RUMSFELD: And I think it's been very…

 

O'REILLY: You're a Karzai fan? You like him?

 

RUMSFELD: I think it's been very unwise. He -- he's been elected leader of that country.

 

O'REILLY: Yes, but it was a booted election; it was a rigged election.

 

RUMSFELD: Oh, come on.

O'REILLY: You don't buy that?

 

RUMSFELD: What is -- it was an election. They had their own constitution. And I think you…

 

O'REILLY: You think he's an honest guy, Karzai?

 

RUMSFELD: I do.

 

O'REILLY: Really?

 

RUMSFELD: I have seen no indication that he's corrupt. And I think the way he's been savaged by Holbrooke and by General Jones and by Biden and other people criticizing, he's -- he is the president of that country; we want him to succeed. Instead of running around and saying…

 

O'REILLY: Well, I want -- I certainly want the Taliban…

RUMSFELD: …oh there's gambling -- there's gambling in the casino, oh my goodness.

 

O'REILLY: Give me odds that the Taliban is defeated and we prevail in that country and a decent government is in. Give me odds.

RUMSFELD: Close question.

 

O'REILLY: 50/50?

RUMSFELD: Maybe.

 

O'REILLY: All right.

 

RUMSFELD: The Taliban are determined. They are -- they are extremists. They are brutal.

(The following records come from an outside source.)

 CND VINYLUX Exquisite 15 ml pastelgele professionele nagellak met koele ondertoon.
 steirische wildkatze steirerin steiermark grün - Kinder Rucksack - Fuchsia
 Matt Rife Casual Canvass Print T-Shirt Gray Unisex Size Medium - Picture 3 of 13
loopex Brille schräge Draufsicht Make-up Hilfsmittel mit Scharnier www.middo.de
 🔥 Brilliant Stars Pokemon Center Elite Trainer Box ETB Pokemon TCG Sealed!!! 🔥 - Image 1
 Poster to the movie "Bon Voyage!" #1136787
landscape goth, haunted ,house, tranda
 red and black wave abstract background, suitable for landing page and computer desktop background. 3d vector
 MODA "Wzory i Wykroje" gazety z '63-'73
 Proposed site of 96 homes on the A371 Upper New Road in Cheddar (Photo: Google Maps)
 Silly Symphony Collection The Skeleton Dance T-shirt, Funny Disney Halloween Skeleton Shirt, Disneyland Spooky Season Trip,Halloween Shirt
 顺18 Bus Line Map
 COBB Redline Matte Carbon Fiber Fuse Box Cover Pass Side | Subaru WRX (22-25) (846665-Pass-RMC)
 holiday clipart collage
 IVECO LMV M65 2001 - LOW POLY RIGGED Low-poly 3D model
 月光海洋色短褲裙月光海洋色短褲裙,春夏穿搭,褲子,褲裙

O'REILLY: And they've got a sanctuary in Pakistan.

 

RUMSFELD: Exactly.

 

O'REILLY: All right, today…

 

RUMSFELD: But they have a chance and we've given them a chance.

 

O'REILLY: We have absolutely given them 10 years of American blood and treasure.

 

RUMSFELD: You bet. You bet.

 

O'REILLY: All right, Mexico. Today, Calderon and Obama have a press conference. I tried to watch it. It put me to sleep. I think Mexico is the next big story. I think Calderon should declare martial law and let the military deal with the drug cartels. There's 35,000 dead down there, and he's just -- he doesn't seem to get it. Neither of them seemed to get it. Am I wrong?

 

RUMSFELD: The idea of a 2,000-mile border with the United States and a dysfunctional country is a terribly dangerous thing.

 

O'REILLY: That's what I think.

 

RUMSFELD: On the other hand, there's -- there is an optimistic side.

 

O'REILLY: Oh, come on.

 

RUMSFELD: Yes. In the year 2000 -- I'll give it to you.

 

O'REILLY: Yes.

 

RUMSFELD: In the year 2000, Colombia, the FARC was winning.

 

O'REILLY: We won there. But they had a charismatic leader who is willing to go in.

 

RUMSFELD: I'm -- I'm coming to that.

 

O'REILLY: Yes, we don't have time for this.

 

RUMSFELD: Well, but Uribe did a whale of a job down there.

O'REILLY: He did.

 

RUMSFELD: And – and…

 

O'REILLY: But Calderon why doesn't he just declare martial law and let the army take care of the cartels. That's the solution to his problem.

 

RUMSFELD: They've had a series of leaders in that country that have been…

 

O'REILLY: Corrupt like Karzai.

RUMSFELD: Come on. You don't know that.

 

O'REILLY: I have got pretty good information.

 

RUMSFELD: No.

O'REILLY: All right.

 

RUMSFELD: Maybe someone in his family.

 

O'REILLY: I don't know.

 

RUMSFELD: Maybe people in the government.

 

O'REILLY: When we come back I'm going to give you hard time about Iraq. Are you ready for that?

 

RUMSFELD: We've had three governors in Illinois go to the slammer in my adult life.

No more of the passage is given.